Une larme coule du buste de la statue impassible, à l’allure impériale, de la figure romaine.
Une goutte, laissant miroiter les divers aspects de sa vie sociale.
Finalement, de nombreuses larmes coulent. Et son image de rudesse se volatilise…
Avec cet essai historique captivant, Sarah Rey retrace tous les aspects de ces larmes, ces manifestations corporelles aux rôles sociaux incontestables. Et par ce biais, nous offre une nouvelle grande histoire des émotions antiques.

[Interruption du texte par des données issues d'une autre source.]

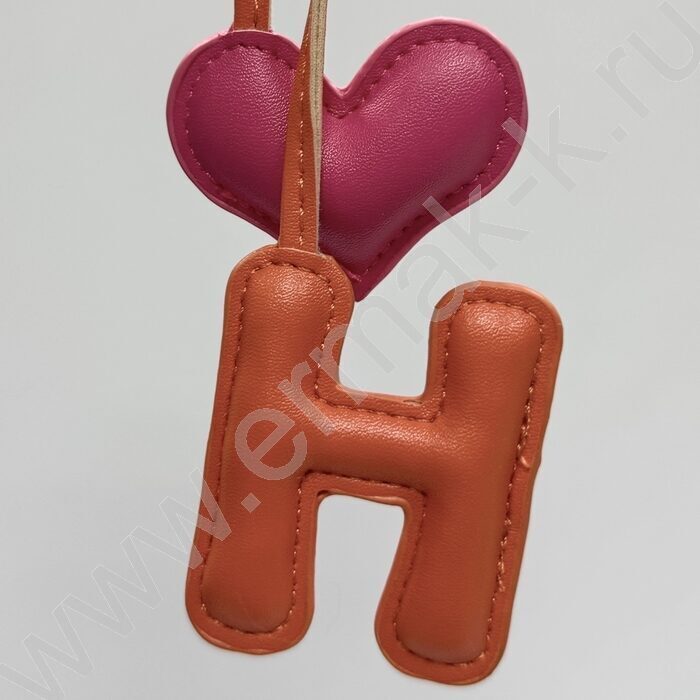 Брелок "Сердце" | Фото 2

Cette étude part de la place du deuil dans le domaine public. Les normes sont strictes et les cérémonies sont affaires de tous. Les larmes ont alors dans ce contexte une place conventionnelle et deviennent des actions corporelles de circonstances. Dans la sphère religieuse, pleurer peut prendre la forme du funeste, de la superstition mal considérée ou de rites collectifs. Au niveau de la famille, cela peut représenter la piété. A l’échelle politique, les larmes peuvent jouer un rôle diplomatique ou encore être synonyme de clémence dans la gouvernance, à la manière d’Auguste. Dans l’art oratoire également, elles avaient un rôle primordial ; de la persuasion par la pitié dans la justice (Cicéron clôturant son discours par une larme) aux décisions politiques qui basculent grâce à l’usage de ces larmes (César traversant le Rubicon). Enfin, la philosophie et plus particulièrement le stoïcisme, avait une conception à la fois personnelle et à la fois représentative de ces expressions corporelles. Elle en faisait l’éloge de leurs contenances.

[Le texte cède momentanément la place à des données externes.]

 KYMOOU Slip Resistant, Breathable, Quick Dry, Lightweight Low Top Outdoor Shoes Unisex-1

Ce cycle se clôt par les larmes “chrétiennes”, initiatrices d’un nouveau “régime des émotions”.
Sous toutes ses formes, elles pouvaient être bien ou mal considérées selon les circonstances. Et l’auteure, en faisant intervenir la grande historiographie romaine (Tite-Live, Suétone, Tacite etc..), nous dresse donc toutes ces contradictions, sans mauvaises interprétations.
Un ouvrage passionnant qui brise le mythe du romain infaillible, et qui dépeint les normes sociales de cette si riche période historique.